:: WHAT IS NEEDED ::
Return the listing in full and exactly, but without a single picture.

:: PROVIDED DATA ::
-=-=-

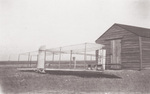 Right front view of Wright 1911 glider sitting on the sand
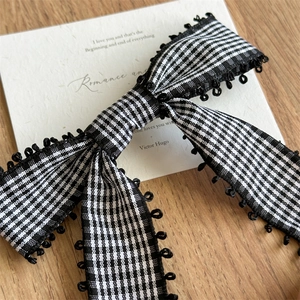 Détail d'une pince à cheveux à nœud vichy noir et blanc avec bordure à anneaux décoratifs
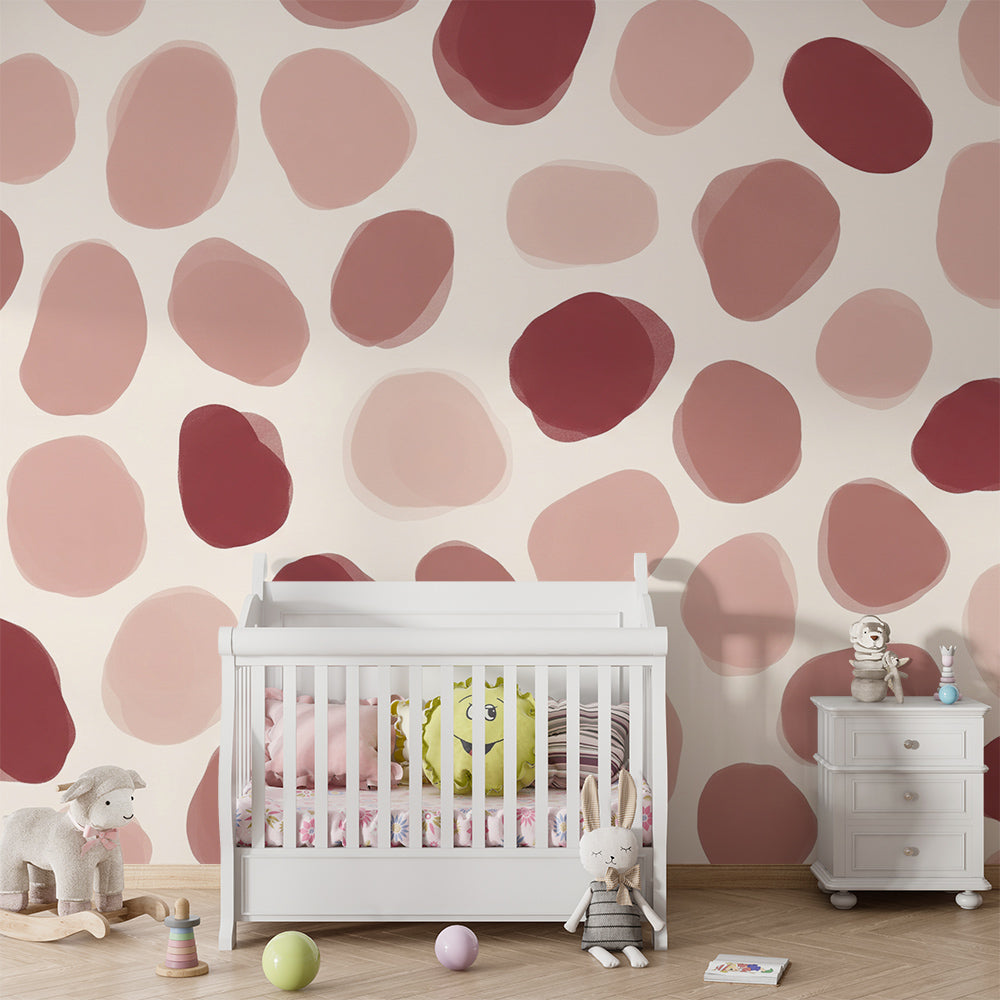 Kids-Mundo pebble shapes wall mural in blush and terracotta tones on a bedroom wall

-=-=-

:: OUTPUT OF THE EXERCISE ::
 Right front view of Wright 1911 glider sitting on the sand
 Détail d'une pince à cheveux à nœud vichy noir et blanc avec bordure à anneaux décoratifs
 Kids-Mundo pebble shapes wall mural in blush and terracotta tones on a bedroom wall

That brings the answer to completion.